To do: Leaving out all pictures, transcribe exactly the lines between the line with "Papel crepom florista laranja claro 50x250cm" and the last line of the records below, both included.

The data:
════════════════════
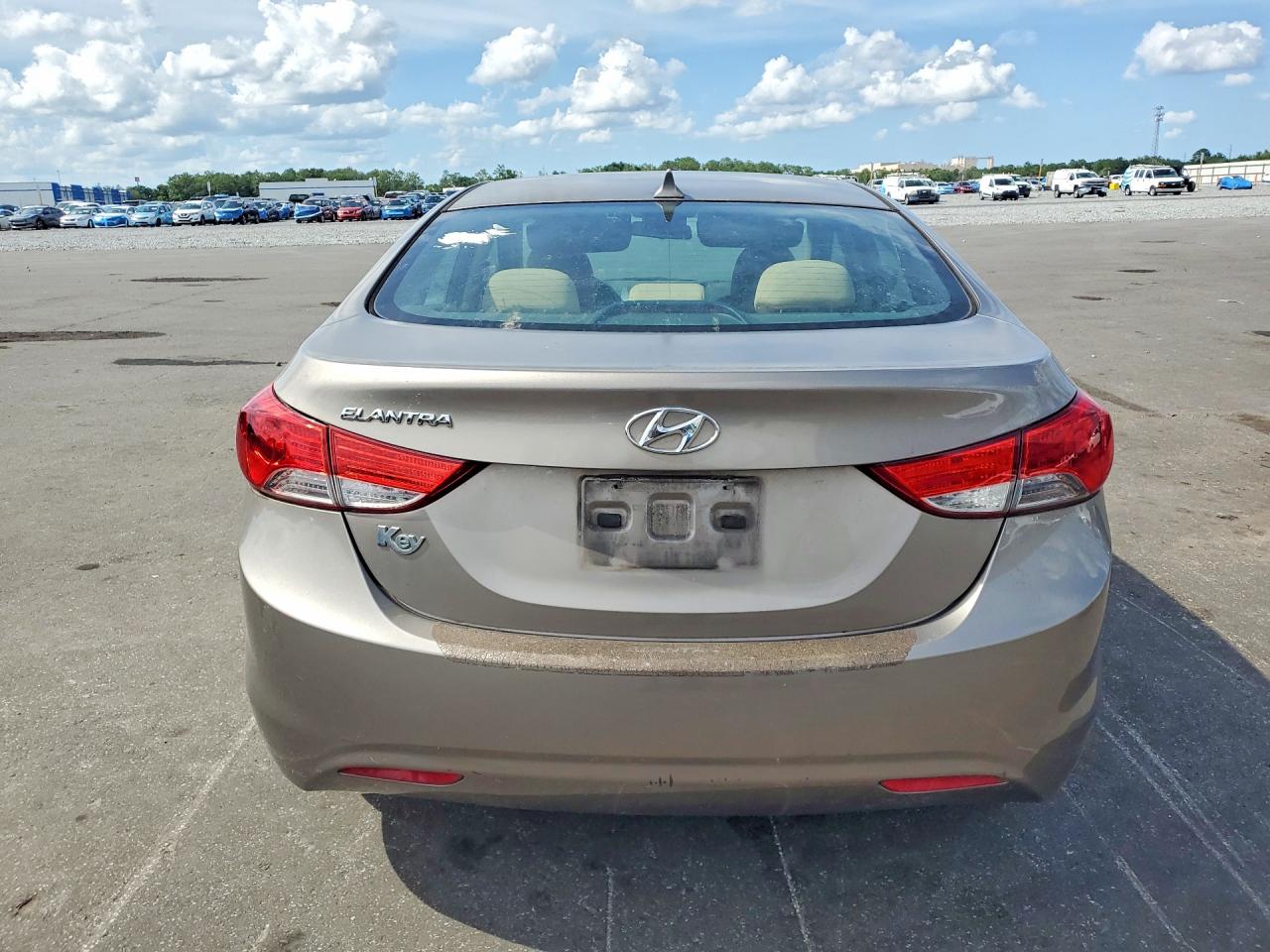 2013 Hyundai Elantra Gls Silver vin: 5NPDH4AE2DH297759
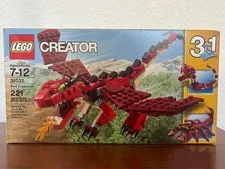 New LEGO CREATOR Red Creatures #31032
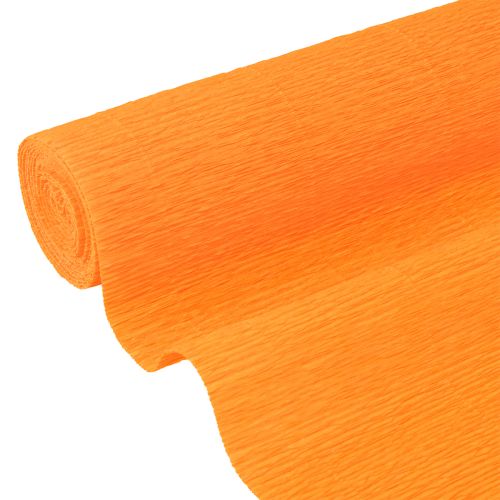 Papel crepom florista laranja claro 50x250cm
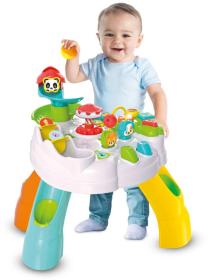 Clementoni Baby veselý hrací stolek s aktivitami na baterie Světlo Zvuk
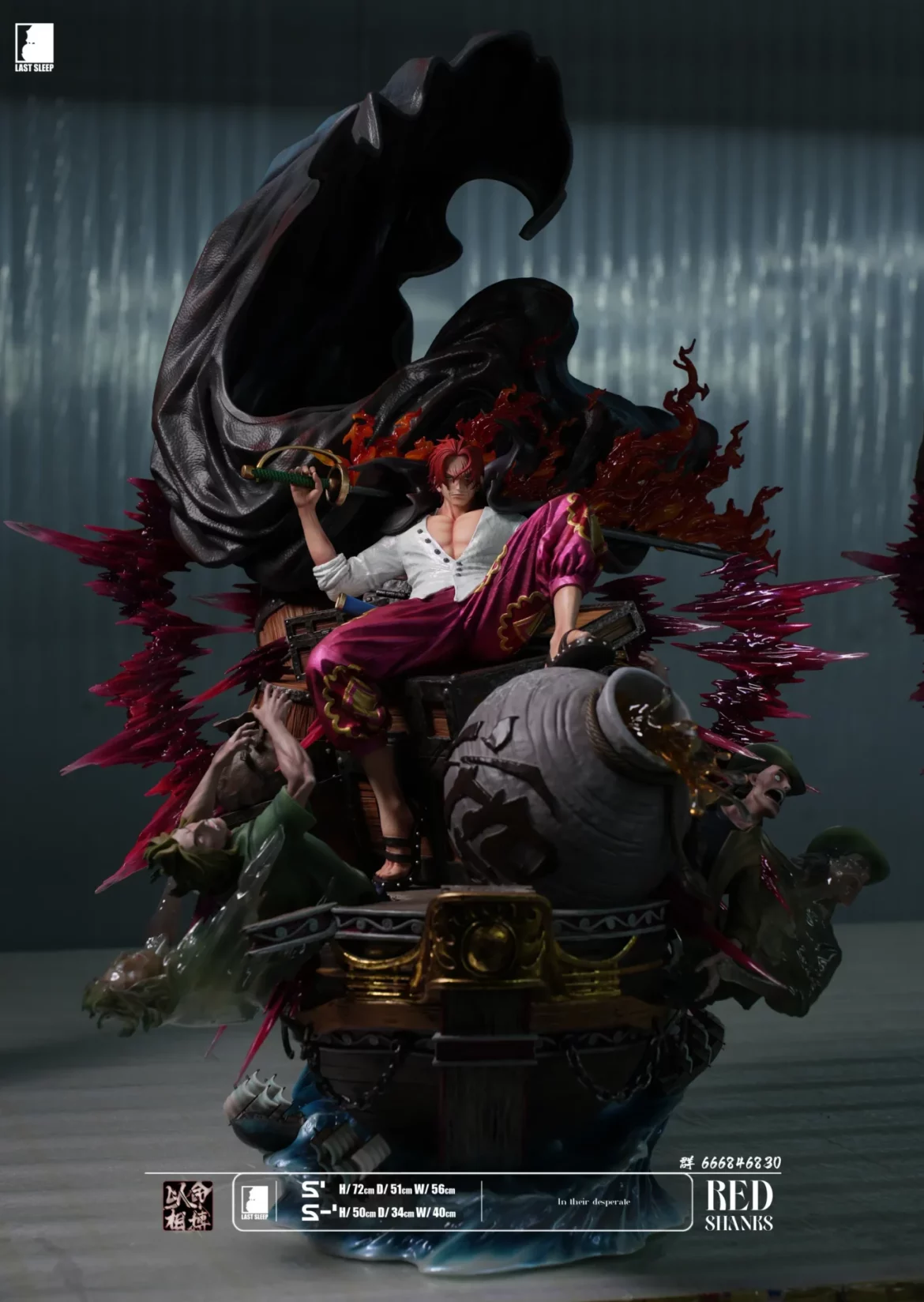 微信图片_20230911115800 S & S- Scale Red-Haired Shanks LAST SLEEP Studios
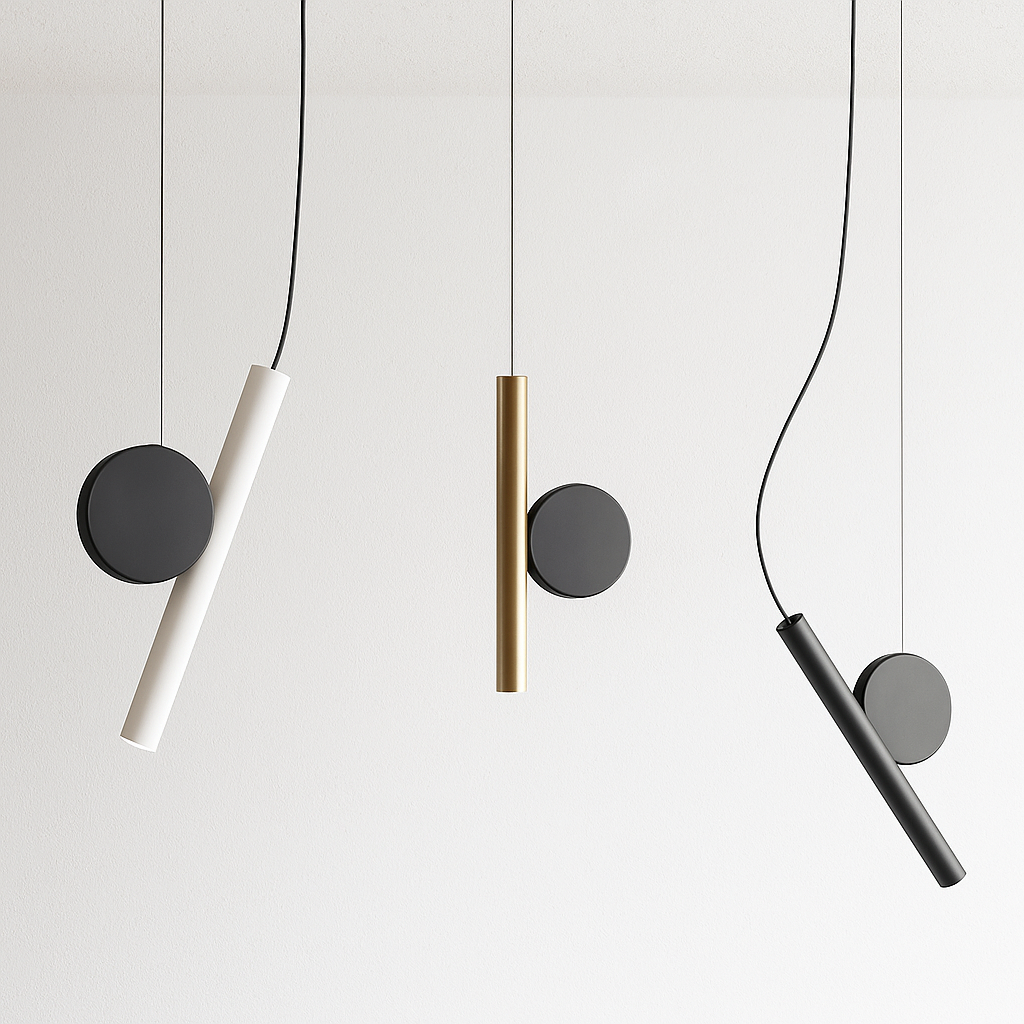 Luminária Pendente Moderno Minimalista LED Fixture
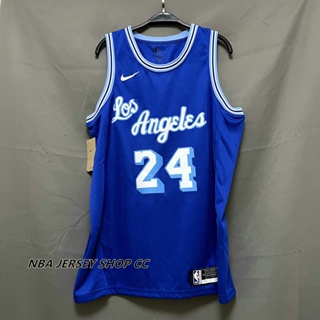 男士全新原裝 NBA 洛杉磯湖人隊 #24 Kobeˉbryant 經典版球衣熱壓藍色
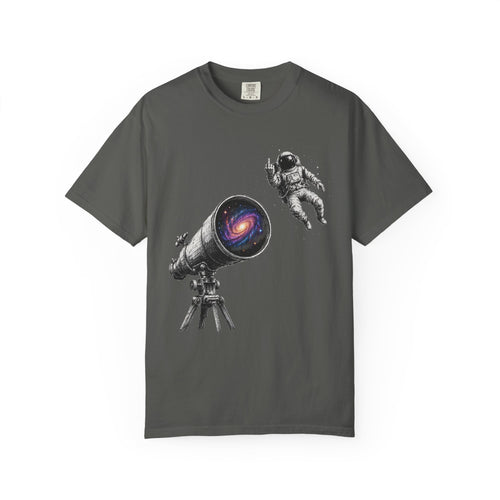 Astronaut Telescope T‑Shirt — Cosmic Telescope Galaxy Print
════════════════════
Answer to this task:
 Papel crepom florista laranja claro 50x250cm
 Clementoni Baby veselý hrací stolek s aktivitami na baterie Světlo Zvuk
 微信图片_20230911115800 S & S- Scale Red-Haired Shanks LAST SLEEP Studios
 Luminária Pendente Moderno Minimalista LED Fixture
 男士全新原裝 NBA 洛杉磯湖人隊 #24 Kobeˉbryant 經典版球衣熱壓藍色
 Astronaut Telescope T‑Shirt — Cosmic Telescope Galaxy Print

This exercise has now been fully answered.